Mahkemece, bozma kararına uyulduktan sonra asıl dava yönünden davalılar …, …, …, …, … ile … hakkındaki davanın bu davalıların dava devam ederken malik sıfatları kalmadığından davanın pasif dava ehliyeti yokluğu nedeniyle REDDİNE, yargılama devam ederken davalı sıfatını kazanan … Kağıt Metal ve Nak.San.ve Tic.Ltd.Şti. hakkında açılan davanın esastan REDDİNE, birleştirilen 2008/872 esas sayılı dava dosyası yönünden; davacılar …, …, …, …, … dava devam ederken taşınmazı 3. kişiye temlik etmeleri nedeniyle davacı sıfatları kalmadığından açtıkları davanın aktif dava ehliyeti yokluğu nedeniyle REDDİNE, birleştirilen 2006/294 esas sayılı dava dosyası yönünden …’un dava devam ederken taşınmazı 3. kişiye temlik etmesi nedeniyle sıfatı kalmadığından açtığı davanın aktif dava yokluğu nedeniyle REDDİNE karar verilmiş, hüküm davacı Hazine tarafından temyiz edilmiştir.
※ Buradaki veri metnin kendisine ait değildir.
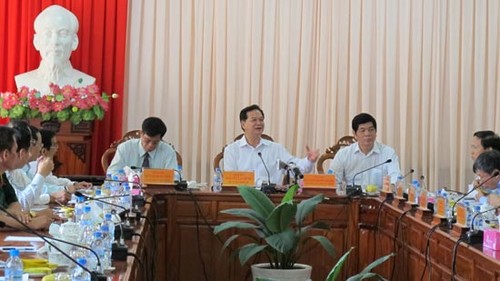 Le Premier Ministre travaille avec la province de Hau Giang - ảnh 1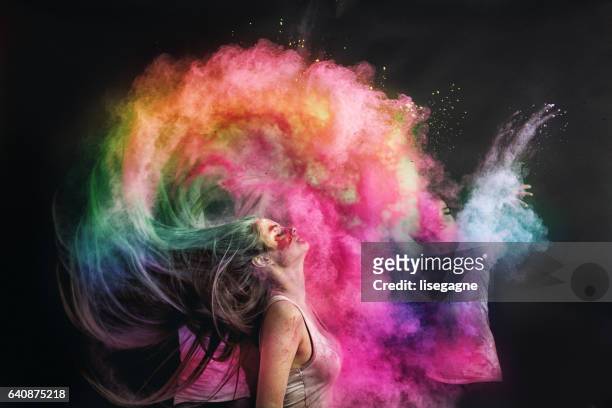donna che spruzza i capelli con polvere di holi - colore descrittivo foto e immagini stock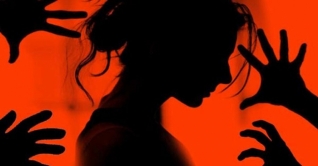 ৭ বছরের শিশুকে ধর্ষণচেষ্টা, ২ কিশোর গ্রেপ্তার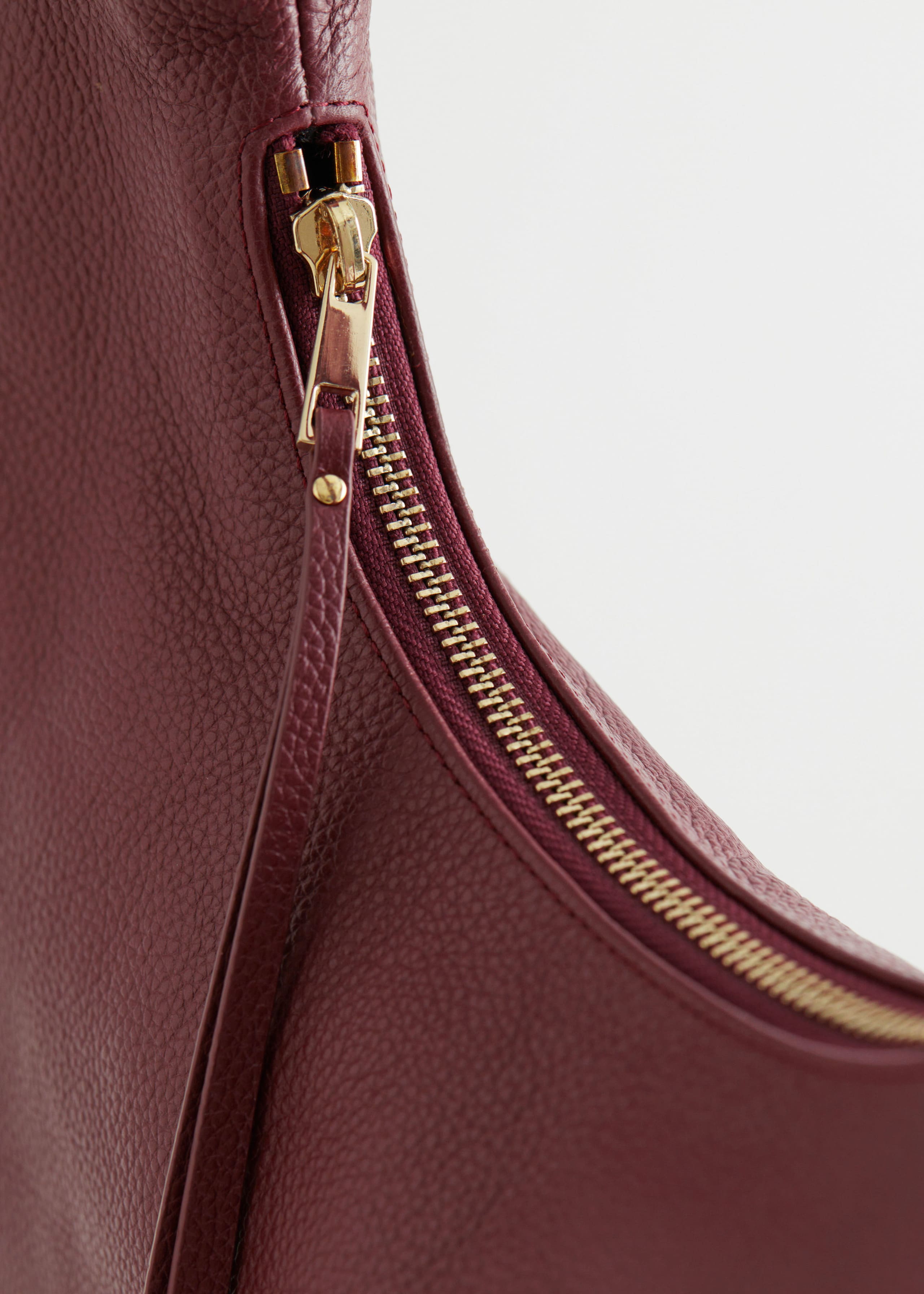 Grainy Leather Shoulder Bag - {{variantName}} - Descriptive Detail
Dava, orman rejimi dışına çıkartılan taşınmazın tapu kaydının iptali ile Hazine adına tescili, karşı dava ise, bu nedenle tapu kaydı üzerine konulan 6831 sayılı Yasanın 2/B madde şerhinin iptaline ilişkindir.
Çekişmeli taşınmazın bulunduğu … Köyünde 3116 sayılı Yasa hükümlerine göre ilk kez 1938 yılında yapılarak 1939 yılında kesinleşen orman kadastrosu ile 1744 sayılı Yasa döneminde yapılan ve 10.05.1977 tarihinde ilan edilerek kesinleşen orman kadastrosu, aplikasyon ve aynı Yasanın 2. madde uygulaması, 07.08.1985 tarihinde ilân edilen 2896 sayılı Yasa ile değişik 2/B madde uygulaması ve yine 1988 yılında 3302 sayılı Yasa ile değişik 2/B madde uygulaması vardır.
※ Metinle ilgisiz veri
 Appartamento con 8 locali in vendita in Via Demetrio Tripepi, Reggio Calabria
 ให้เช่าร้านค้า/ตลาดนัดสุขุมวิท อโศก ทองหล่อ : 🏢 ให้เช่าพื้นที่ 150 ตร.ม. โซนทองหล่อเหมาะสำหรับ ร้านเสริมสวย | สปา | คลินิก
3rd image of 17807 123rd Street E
Dosya kapsamına ve mahkemece uyulan bozma kararı gereğince işlem yapılarak hüküm kurulmuş olduğuna ve çekişmeli taşınmazın 1939 yılında 3116 sayılı Yasa hükümleri gereğince yapılan orman tahdidine göre orman sınırları dışında kaldığı, 1976 yılında hatalı yapılan aplikasyon uygulamasıyla orman sınırları içine alınığı ve P.IV nolu 2. madde poligonu içinde orman sınırları dışına çıkarıldığı anlaşıldığına göre, yerinde görülmeyen temyiz itirazlarının reddiyle, usûl ve yasaya uygun olan hükmün ONANMASINA, Harçlar Yasasının değişik 13/j maddesi gereğince harç alınmasına yer olmadığına 07/02/2013 günü oy birliği ile karar verildi.